COLUMNA ‘PADRES E HIJOS’. A propósito del Día Mundial del Medio Ambiente, solemos pensar en los árboles, los océanos o la contaminación. Sin embargo, pocas veces nos detenemos a reflexionar sobre otro ambiente igual de importante: aquel que habitamos cada día y que influye silenciosamente en nuestra salud mental.
La psicología ha demostrado que los espacios donde vivimos, trabajamos y compartimos tienen un impacto directo sobre nuestras emociones.
Un entorno caótico puede aumentar el estrés y la sensación de agotamiento, mientras que un espacio armonioso puede favorecer la calma, la concentración y el bienestar emocional.
Pero el ambiente no se limita a las paredes que nos rodean. También está compuesto por las conversaciones que escuchamos, las personas con las que compartimos nuestro tiempo y los mensajes que permitimos entrar en nuestra mente.

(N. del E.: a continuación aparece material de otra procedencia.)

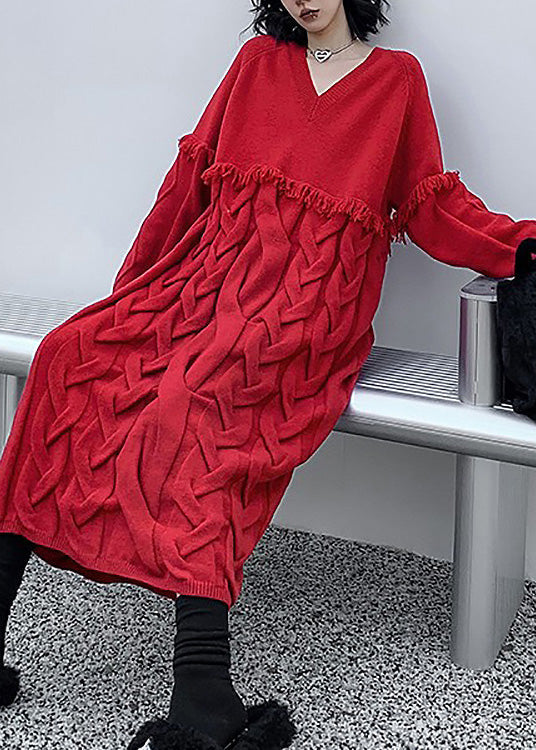 Lockeres rotes Pulloverkleid mit V-Ausschnitt und Quaste und Zopfmuster für den Winter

Hay ambientes que nutren, inspiran y fortalecen. Otros, en cambio, desgastan, critican y consumen nuestra energía poco a poco.
Por eso, cuidar nuestra salud emocional también implica revisar los entornos que habitamos. Preguntarnos si nos sentimos en paz en ellos, si nos permiten crecer o si, por el contrario, nos mantienen en un estado constante de tensión.
Así como el planeta necesita espacios limpios para florecer, nuestro mundo interior también necesita ambientes saludables para desarrollarse.